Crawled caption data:
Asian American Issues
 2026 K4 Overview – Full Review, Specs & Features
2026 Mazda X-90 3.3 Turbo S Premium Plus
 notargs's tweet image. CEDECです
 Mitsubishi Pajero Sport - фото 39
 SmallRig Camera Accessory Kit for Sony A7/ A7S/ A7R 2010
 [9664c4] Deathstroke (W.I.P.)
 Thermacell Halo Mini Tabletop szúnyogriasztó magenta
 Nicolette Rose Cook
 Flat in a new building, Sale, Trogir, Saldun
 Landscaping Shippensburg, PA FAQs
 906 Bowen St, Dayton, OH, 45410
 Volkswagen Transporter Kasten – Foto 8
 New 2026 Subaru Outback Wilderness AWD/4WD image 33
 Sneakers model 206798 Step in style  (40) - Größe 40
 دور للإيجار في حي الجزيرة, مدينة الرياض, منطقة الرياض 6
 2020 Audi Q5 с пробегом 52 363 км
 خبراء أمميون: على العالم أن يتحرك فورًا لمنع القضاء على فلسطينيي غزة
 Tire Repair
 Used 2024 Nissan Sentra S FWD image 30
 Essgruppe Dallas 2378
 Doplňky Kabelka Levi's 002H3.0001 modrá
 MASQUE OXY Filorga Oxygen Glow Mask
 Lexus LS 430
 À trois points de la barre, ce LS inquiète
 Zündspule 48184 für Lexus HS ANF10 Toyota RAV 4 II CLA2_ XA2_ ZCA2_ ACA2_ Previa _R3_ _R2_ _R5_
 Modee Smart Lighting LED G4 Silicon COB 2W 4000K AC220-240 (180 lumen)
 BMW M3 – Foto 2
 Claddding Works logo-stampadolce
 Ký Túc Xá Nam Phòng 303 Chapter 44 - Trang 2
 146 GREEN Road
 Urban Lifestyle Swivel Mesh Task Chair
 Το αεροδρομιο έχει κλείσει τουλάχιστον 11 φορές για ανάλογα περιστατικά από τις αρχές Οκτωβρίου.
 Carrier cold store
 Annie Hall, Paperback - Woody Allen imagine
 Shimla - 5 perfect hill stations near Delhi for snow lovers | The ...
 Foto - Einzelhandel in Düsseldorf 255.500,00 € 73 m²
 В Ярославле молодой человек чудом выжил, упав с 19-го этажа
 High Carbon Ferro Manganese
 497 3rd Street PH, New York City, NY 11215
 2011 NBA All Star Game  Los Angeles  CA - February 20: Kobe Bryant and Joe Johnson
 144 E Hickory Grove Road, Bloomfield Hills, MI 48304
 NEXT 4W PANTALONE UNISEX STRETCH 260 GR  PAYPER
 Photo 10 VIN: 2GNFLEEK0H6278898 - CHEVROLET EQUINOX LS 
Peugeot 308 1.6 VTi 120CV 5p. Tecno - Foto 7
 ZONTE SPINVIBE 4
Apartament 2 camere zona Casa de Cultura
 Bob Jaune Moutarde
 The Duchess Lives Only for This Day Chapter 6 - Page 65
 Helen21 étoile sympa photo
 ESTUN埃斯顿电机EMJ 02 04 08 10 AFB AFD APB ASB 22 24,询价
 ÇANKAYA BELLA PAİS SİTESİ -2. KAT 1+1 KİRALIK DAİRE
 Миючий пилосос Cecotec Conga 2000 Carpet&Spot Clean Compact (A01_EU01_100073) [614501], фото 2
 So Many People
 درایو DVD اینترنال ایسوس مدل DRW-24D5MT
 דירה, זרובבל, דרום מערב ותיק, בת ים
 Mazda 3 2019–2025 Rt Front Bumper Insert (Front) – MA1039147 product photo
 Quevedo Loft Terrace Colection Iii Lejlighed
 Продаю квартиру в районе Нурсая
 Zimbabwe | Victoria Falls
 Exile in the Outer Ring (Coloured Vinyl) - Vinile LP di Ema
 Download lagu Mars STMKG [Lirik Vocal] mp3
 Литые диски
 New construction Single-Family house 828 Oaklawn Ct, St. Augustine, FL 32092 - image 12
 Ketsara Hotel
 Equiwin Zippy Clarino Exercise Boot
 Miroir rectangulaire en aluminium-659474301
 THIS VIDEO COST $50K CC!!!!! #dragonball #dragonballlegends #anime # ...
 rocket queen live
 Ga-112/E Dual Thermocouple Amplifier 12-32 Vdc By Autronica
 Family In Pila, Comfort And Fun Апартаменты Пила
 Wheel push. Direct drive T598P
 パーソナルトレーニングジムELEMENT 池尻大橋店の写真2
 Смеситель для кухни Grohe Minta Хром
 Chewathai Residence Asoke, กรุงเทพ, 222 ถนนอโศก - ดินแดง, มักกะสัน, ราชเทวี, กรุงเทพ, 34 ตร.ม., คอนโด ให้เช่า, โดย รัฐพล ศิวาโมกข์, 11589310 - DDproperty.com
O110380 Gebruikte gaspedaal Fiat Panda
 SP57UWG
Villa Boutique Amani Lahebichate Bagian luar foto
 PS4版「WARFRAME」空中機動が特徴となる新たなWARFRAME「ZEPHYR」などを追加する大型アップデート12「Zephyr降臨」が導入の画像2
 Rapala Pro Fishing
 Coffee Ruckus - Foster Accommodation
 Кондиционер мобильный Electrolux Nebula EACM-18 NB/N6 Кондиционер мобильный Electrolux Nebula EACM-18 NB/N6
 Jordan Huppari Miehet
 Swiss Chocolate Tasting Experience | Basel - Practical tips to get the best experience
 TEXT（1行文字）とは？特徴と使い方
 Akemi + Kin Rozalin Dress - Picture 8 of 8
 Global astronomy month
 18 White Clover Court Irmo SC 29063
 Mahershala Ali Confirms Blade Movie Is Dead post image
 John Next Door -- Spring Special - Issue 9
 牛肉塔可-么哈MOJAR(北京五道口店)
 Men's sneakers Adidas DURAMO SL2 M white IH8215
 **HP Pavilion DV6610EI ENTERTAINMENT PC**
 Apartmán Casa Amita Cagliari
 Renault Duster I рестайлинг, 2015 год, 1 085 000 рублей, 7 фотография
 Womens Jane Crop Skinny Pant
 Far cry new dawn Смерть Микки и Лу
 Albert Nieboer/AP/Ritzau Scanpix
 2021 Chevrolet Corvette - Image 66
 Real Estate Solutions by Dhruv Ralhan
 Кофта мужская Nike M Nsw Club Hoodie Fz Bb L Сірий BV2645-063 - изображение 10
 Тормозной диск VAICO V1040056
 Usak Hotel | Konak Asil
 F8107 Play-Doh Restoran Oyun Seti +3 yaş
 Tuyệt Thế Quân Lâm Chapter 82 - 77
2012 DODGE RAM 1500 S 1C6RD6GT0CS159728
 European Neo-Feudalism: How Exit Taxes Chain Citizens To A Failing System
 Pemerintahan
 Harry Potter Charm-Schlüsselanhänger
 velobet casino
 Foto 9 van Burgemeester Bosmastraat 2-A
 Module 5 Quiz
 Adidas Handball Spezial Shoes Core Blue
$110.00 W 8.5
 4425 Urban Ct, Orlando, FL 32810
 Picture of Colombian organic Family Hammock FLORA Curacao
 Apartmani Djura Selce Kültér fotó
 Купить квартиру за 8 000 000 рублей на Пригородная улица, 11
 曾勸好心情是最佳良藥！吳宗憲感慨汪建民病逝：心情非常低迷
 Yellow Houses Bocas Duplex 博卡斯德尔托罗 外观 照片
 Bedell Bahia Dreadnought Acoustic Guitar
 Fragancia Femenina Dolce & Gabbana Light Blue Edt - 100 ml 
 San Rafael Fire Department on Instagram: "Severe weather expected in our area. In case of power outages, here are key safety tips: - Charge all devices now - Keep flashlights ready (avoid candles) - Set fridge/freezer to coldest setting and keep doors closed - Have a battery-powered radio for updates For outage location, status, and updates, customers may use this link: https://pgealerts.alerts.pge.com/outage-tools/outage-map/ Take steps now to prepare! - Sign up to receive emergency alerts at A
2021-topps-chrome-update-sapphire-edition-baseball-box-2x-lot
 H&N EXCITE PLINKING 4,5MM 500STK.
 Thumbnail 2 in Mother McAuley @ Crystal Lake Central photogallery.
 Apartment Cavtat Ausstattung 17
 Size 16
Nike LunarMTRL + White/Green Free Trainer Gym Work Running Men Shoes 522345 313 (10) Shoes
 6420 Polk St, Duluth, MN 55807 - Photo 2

What the exercise asks -> Of the entries above, repeat exactly the lines from the line with "Carrier cold store" through the line with "NEXT 4W PANTALONE", both of them included.

Result of the task ->
 Carrier cold store
 Annie Hall, Paperback - Woody Allen imagine
 Shimla - 5 perfect hill stations near Delhi for snow lovers | The ...
 Foto - Einzelhandel in Düsseldorf 255.500,00 € 73 m²
 В Ярославле молодой человек чудом выжил, упав с 19-го этажа
 High Carbon Ferro Manganese
 497 3rd Street PH, New York City, NY 11215
 2011 NBA All Star Game  Los Angeles  CA - February 20: Kobe Bryant and Joe Johnson
 144 E Hickory Grove Road, Bloomfield Hills, MI 48304
 NEXT 4W PANTALONE UNISEX STRETCH 260 GR  PAYPER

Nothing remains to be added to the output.